Data section
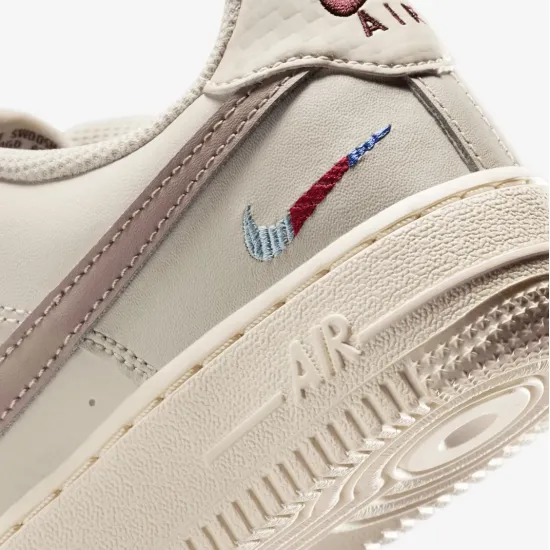 Кросівки Nike Air Force 1 LV8 1 BG EE HQ1907-100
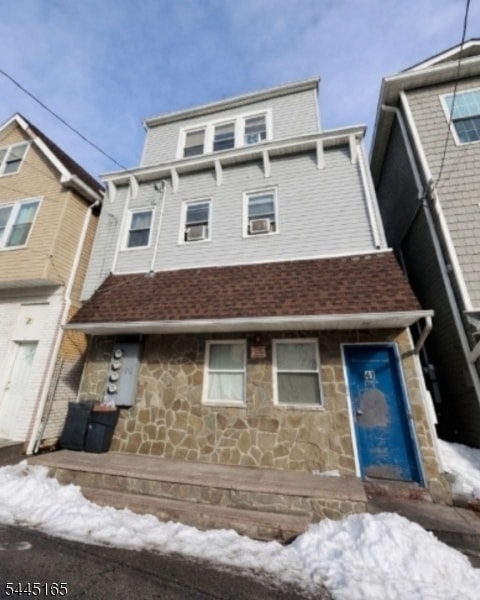 Building Photo - 41 Cedar St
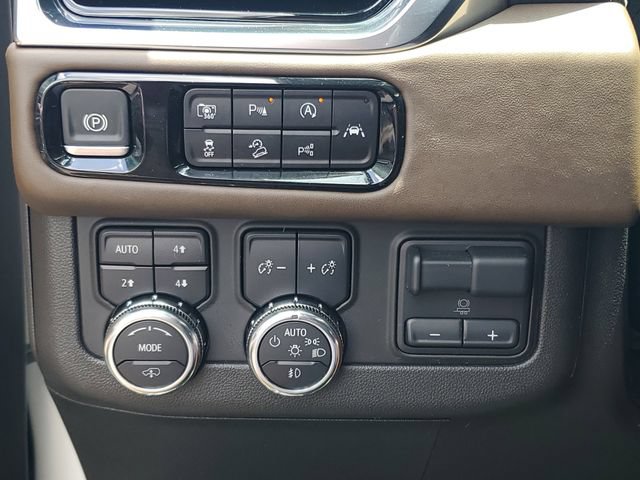 Used 2025 GMC Yukon XL Denali Ultimate AWD/4WD image 21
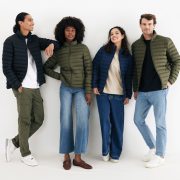 Alpen-Allrounder AWARE™: Die nachhaltige Unisex-Steppjacke für dein Team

Description of the task
The required answer is an exact copy of the lines from the one containing "Building Photo - 41 Cedar St" through the last line of the material, with the pictures removed.

Answer for this exercise
 Building Photo - 41 Cedar St
 Used 2025 GMC Yukon XL Denali Ultimate AWD/4WD image 21
 Alpen-Allrounder AWARE™: Die nachhaltige Unisex-Steppjacke für dein Team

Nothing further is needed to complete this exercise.